- Required work -
An exact transcription of all the data is the expected reply.

- Stored data -
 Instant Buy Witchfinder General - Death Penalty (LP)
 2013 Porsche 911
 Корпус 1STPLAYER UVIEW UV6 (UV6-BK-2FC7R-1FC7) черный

- Exercise output -
 Instant Buy Witchfinder General - Death Penalty (LP)
 2013 Porsche 911
 Корпус 1STPLAYER UVIEW UV6 (UV6-BK-2FC7R-1FC7) черный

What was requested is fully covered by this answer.